The NoSQL buzzword has been metastasizing for several years. The excitement about these fast data stores has been intoxicating, and we're as guilty as anyone of seeing the groundbreaking appeal of NoSQL. Yet the honeymoon is coming to an end, and it's time to start balancing our enthusiasm with some gimlet-eyed hard truths.
Don't get us wrong. We're still running to try the latest experiment in building a simple mechanism for storing data. We still find deep value in MongoDB, CouchDB, Cassandra, Riak, and other NoSQL standouts. We're still planning on tossing some of our most trusted data into these stacks of code because they're growing better and more battle-tested each day.

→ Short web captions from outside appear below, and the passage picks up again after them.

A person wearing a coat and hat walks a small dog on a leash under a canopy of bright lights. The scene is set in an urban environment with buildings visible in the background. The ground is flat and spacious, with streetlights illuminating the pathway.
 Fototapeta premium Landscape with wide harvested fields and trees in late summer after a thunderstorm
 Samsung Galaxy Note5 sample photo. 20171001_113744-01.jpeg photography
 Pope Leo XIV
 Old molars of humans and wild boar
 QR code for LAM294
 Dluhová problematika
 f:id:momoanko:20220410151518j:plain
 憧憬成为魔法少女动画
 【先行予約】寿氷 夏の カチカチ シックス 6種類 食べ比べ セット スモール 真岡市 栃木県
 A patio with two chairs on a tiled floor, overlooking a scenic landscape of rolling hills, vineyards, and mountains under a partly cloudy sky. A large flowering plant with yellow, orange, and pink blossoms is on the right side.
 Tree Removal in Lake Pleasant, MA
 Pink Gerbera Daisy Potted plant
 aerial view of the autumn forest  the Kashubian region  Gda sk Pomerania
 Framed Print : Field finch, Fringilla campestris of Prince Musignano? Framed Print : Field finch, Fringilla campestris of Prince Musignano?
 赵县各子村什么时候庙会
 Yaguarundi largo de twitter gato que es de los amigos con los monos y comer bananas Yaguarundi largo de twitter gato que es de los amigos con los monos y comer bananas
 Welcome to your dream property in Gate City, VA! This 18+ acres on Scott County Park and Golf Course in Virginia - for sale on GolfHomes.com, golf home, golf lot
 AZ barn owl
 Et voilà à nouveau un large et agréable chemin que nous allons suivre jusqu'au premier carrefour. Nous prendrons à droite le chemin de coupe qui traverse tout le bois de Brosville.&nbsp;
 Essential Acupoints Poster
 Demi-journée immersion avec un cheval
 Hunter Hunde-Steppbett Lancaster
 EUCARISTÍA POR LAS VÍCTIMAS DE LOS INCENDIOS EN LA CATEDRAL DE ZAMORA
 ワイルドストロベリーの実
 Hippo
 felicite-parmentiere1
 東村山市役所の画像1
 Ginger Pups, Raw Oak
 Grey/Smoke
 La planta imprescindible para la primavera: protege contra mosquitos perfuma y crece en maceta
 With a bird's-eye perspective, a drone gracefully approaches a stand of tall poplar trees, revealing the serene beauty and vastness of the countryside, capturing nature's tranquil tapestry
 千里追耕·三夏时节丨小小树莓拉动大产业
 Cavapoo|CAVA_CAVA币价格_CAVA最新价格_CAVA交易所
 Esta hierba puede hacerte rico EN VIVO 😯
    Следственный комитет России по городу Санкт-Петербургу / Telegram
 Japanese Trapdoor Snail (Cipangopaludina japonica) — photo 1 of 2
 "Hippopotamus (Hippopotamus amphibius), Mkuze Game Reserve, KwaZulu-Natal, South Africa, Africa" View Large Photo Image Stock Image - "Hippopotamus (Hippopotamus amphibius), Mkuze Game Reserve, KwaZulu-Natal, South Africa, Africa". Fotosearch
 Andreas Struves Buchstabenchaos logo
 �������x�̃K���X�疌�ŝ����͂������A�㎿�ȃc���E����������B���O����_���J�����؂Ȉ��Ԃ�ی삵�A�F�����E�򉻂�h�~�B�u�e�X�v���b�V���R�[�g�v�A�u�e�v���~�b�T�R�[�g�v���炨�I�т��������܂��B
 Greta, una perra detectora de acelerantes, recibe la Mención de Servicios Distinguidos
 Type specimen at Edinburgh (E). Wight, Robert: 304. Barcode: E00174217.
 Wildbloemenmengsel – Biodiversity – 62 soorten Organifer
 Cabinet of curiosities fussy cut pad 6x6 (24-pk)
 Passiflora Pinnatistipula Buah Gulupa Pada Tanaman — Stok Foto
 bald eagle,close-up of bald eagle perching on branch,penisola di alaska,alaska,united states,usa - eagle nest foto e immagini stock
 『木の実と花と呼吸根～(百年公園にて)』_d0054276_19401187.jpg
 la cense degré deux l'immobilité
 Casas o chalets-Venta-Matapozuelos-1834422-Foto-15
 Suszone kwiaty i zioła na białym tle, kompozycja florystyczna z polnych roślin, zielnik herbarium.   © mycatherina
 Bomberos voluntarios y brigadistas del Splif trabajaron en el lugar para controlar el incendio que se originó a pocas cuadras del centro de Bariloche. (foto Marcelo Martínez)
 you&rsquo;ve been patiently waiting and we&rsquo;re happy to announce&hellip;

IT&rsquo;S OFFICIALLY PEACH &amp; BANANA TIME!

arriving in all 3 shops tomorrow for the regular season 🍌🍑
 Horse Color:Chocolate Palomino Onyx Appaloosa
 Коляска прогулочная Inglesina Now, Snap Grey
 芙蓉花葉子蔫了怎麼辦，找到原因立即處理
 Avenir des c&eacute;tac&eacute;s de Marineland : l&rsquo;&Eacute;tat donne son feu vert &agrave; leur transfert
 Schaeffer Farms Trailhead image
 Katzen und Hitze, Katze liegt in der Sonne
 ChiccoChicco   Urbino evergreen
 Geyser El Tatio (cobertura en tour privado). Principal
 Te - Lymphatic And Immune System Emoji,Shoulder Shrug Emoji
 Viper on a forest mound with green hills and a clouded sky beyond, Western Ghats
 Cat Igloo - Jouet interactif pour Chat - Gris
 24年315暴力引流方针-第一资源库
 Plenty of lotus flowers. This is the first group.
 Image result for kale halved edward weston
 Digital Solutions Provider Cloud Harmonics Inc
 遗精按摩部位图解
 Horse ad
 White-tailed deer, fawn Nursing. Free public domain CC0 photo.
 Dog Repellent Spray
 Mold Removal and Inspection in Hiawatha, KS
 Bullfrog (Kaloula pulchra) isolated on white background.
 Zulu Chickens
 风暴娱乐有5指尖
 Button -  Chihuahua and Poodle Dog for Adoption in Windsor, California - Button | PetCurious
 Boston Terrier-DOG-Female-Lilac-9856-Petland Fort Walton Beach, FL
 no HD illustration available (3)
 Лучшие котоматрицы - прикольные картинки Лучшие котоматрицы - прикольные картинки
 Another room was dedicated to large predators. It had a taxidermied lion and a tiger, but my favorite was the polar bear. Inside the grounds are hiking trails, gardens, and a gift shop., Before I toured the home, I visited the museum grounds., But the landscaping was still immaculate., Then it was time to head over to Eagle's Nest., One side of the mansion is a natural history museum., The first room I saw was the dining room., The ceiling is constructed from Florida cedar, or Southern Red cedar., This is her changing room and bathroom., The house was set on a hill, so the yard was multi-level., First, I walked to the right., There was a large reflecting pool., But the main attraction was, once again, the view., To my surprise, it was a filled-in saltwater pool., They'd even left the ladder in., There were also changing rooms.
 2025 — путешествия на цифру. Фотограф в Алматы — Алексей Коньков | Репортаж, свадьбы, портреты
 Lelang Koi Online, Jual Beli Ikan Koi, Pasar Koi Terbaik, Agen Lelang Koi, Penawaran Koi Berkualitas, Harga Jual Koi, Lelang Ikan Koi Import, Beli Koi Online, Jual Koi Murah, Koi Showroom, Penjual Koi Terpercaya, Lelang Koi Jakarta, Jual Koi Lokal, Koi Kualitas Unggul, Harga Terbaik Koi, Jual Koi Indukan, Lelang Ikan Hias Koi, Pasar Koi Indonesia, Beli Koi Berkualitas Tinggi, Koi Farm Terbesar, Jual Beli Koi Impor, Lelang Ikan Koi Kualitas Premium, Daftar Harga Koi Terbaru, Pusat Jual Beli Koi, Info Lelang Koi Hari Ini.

[ Also on InfoWorld: NoSQL standouts: New databases for new applications | First look: Oracle NoSQL Database | Get a digest of the key stories each day in the InfoWorld Daily newsletter. ]
But we're starting to feel the chafing, as the NoSQL systems are far from a perfect fit and often rub the wrong way. The smartest developers knew this from the beginning. They didn't burn the SQL manuals and send nastygrams to the sales force of their once devoted SQL vendor. No, the smart NoSQL developers simply noted that NoSQL stood for "Not Only SQL." If the masses misinterpreted the acronym, that was their problem.
This list of gripes, big and small, is thus an attempt to document this fact and to clear the air. It's meant to set things straight now so that we can do a better job understanding the trade-offs and the compromises.
One of the first gripes people have about SQL systems is the computational cost of executing a JOIN between two tables. The idea is to store the data in one and only one place. If you're keeping a list of customers, you put their street addresses in one table and use their customer IDs in every other table. When you pull the data, the JOIN connects the IDs with the addresses and everything remains consistent.
The trouble is that JOINs can be expensive, and some DBAs have concocted complex JOIN commands that boggle the mind, turning even the fastest hardware to sludge. It was no surprise that the NoSQL developers turned their lack of JOINs into a feature: Let's just keep the customer's address in the same table as everything else! The NoSQL way is to store key-value pairs for each person. When the time comes, you retrieve them all.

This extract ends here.